WORK ORDER
Look through the records that follow. Copy every line containing the word "Full".
- Opening Delimiter -
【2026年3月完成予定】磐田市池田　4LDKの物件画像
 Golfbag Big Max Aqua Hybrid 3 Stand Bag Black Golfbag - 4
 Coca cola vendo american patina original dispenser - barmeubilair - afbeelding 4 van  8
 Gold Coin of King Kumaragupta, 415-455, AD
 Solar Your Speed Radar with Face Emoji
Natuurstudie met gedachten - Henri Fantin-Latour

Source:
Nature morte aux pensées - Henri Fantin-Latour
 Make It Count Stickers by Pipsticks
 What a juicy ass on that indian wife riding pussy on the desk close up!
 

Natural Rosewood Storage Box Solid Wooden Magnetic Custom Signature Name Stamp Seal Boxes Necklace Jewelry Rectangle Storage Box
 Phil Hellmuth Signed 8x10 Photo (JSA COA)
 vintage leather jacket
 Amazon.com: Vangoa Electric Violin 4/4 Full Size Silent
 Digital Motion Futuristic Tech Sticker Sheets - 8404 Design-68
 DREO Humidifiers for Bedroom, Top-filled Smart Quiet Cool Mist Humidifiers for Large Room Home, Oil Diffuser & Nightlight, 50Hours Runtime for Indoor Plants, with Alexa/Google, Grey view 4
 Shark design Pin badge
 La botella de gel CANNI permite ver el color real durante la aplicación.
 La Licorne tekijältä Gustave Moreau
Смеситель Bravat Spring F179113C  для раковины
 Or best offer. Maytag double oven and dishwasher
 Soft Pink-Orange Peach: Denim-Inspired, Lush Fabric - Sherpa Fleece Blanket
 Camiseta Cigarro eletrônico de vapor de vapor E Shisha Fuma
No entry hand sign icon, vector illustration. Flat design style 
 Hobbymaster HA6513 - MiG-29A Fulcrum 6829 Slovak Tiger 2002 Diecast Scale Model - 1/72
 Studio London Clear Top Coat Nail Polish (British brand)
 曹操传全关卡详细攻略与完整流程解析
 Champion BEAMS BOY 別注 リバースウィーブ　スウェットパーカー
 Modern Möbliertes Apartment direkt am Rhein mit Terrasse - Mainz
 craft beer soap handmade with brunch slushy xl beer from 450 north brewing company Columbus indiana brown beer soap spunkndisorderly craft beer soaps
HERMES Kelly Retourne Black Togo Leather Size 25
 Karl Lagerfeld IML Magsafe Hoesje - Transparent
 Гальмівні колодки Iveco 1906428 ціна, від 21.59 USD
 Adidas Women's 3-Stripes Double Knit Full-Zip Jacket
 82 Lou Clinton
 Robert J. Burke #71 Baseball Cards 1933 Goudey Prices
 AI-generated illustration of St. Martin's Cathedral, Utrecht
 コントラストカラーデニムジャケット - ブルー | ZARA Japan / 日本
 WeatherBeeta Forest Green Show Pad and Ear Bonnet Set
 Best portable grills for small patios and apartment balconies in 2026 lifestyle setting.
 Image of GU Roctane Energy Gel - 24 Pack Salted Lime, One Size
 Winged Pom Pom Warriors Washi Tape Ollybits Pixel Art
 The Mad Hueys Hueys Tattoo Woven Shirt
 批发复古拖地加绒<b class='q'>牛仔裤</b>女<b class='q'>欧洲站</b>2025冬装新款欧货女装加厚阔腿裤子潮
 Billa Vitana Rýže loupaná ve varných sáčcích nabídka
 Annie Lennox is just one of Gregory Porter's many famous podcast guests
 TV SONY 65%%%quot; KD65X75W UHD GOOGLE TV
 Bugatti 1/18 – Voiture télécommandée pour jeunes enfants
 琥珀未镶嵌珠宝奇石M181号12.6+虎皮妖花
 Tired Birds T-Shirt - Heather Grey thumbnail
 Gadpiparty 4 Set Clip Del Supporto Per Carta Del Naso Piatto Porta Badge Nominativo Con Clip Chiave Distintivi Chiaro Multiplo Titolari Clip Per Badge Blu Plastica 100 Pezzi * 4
- Closing Delimiter -
EXERCISE OUTPUT
 Amazon.com: Vangoa Electric Violin 4/4 Full Size Silent
 Adidas Women's 3-Stripes Double Knit Full-Zip Jacket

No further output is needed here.